Authentic Uzbek Plov with Beef
- You will yield the best results with a cast aluminum cooking pot (kazan). If you don’t own one, use a dutch oven or a heavy bottomed soup pot. Make sure it has a lid
- Shallow dish or plate that will fit inside of the pot.
- grapeseed oil
- 5 cups medium grain white calrose rice Botan brand calrose rice
- 2 lbs top sirloin steak or meat of choice
- 10 medium carrots, julienned into little matchsticks
- 3 onions
- 1 tbsp ground cumin
- 2 tbsp paprika
- 2 tbsp salt
- 2 whole cayenne or any hot peppers (optional)
- 1 head of garlic, top 1/4 inch tip of the crown sliced off (to expose garlic flavor into the broth)
- 7 2/3 cups boiling water
- Trim excess fat off the meat, pat it dry with paper towel, and and chop into 1 inch cubes.
- Preheat your pot to high heat. Preheating it ensures that the meat will brown properly and not juice out.
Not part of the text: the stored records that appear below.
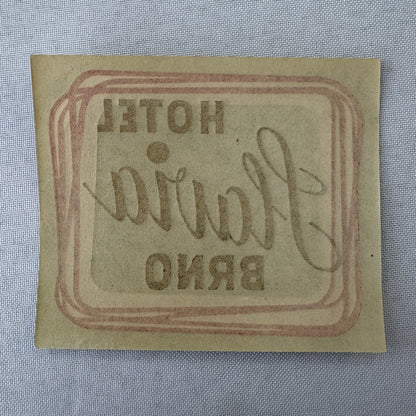 Vintage Hotel Travel Luggage Label Hotel Slavia Brno Czechia Czech Republic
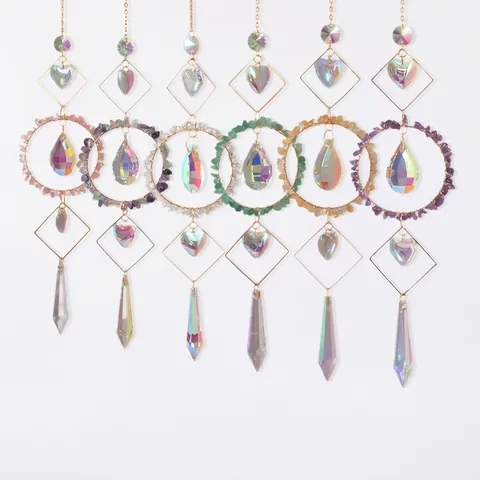 Kristallen Zonvanger Windgong Natuursteen Metaal Regenboog Prisma Maker Tuin Raam Decor Modern Boho Ornament Cadeau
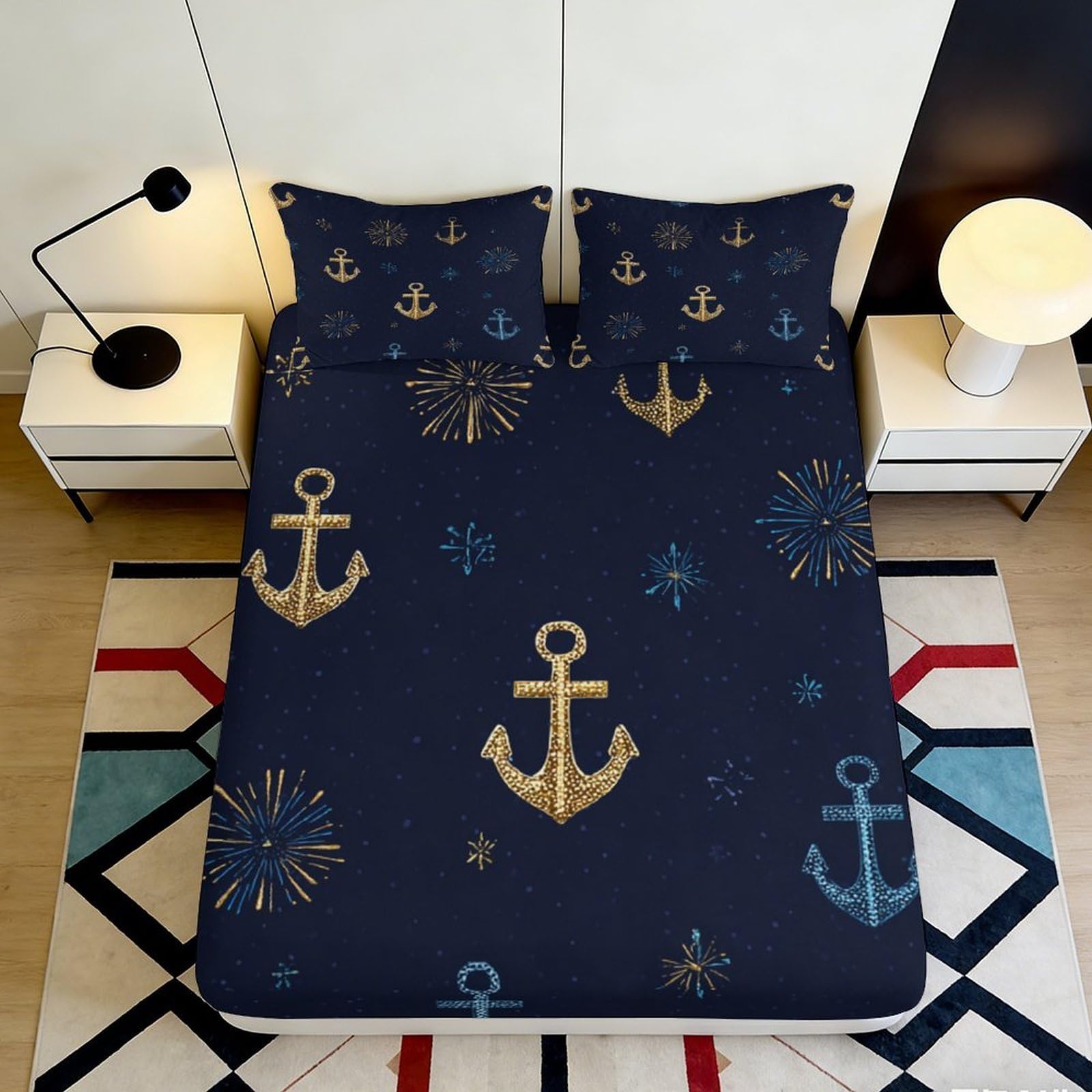 3D Printed Navy Anchor Fitted Sheet Microfiber Soft Breathable Nautical Compass Mattress Cover for Bedroom Dorm Decor 90x200x25cm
Separate your raw meat into two batches. Once it’s hot, add in 1/4 cup of grapeseed oil. Throw in the first half of the meat and sear uncovered for 7 min over high heat until meat is browned, stirring often to prevent it from sticking to the bottom of the pot. Take the first batch of browned meat out and set aside. Brown the second batch of raw meat. Put all of the meat back into the pot.
- Add another 1/4 cup of grapseed oil and the chopped onions, and sauté onions with the browned meat on medium-high heat until the onions are completely caramelized, stirring often. This could take 7-15 minutes. Make sure they don’t burn or stick to the bottom.
- Add your carrots to the pot and sauté everything together for 3 more minutes. Add your salt, cumin, paprika, and stir together. Lay the head of garlic and hot peppers underneath the cooked ingredients, to prevent it from floating to the top later.
- Add the 7 and 2/3 cups of boiling hot water to the pot. Let it all come to a boil, and simmer on medium-low heat for exactly 30 minutes. After this step, set your pot aside from the burner.
- Rinse your 5 cups of rice with cold water in a sieve under the sink faucet until it runs crystal clear. It could take up to 10 minutes to rinse it completely clean of white starch, which crucial to prevent starchy sticky rice. Drain it well, until it stops dripping.
- Gently add the washed and drained rice over the top of the ingredients. Do not stir the rice too much, it has to lay on top of the other ingredients. Poke a few holes through the rice and water layer with a wooden stick or end of a spatula. This ensures that the water reaches the bottom of the pot.
- Let your rice come to a gentle boil and cook for 5-10 minutes or until the top water layer mostly disappears into the rice. Poke some more holes through to the bottom to allow the steam to escape to the surface.
- Now gently spoon the rice from the walls of the pot into a mound shape and then again poke 8-10 holes through the rice to let the steam escape. Try to do this as gently as possible because the rice does best with less touching. Scooping it away from the sides ensures that the rice does not overcook on the edges.
- Place your shallow dish or plate on top of the mound of rice. and close the pot with the lid. This process prevents the moisture from leaving the rice and collecting on the inside of the lid. We want a nice, evenly cooked rice. Make sure the lid fits properly so no steam escapes.
- Cook on low heat for 30 minutes. Open the lid and take the shallow dish off the plov. Do not mix the plov! Wipe the moisture off the lid with paper towel (careful, its hot) and immediately cover your pot with the lid again and let it rest off the burner for 20 more minutes.
- Remove the garlic head and hot peppers. (Serve those on the side.)
- Now carefully empty the plov onto a very large serving platter and combine the meat with rice using a gentle folding motion with the spatula. Take it easy here, not to overmix it. Take a fork and gently fluff it up. Enjoy with a simple tomato onion salad or a pickle.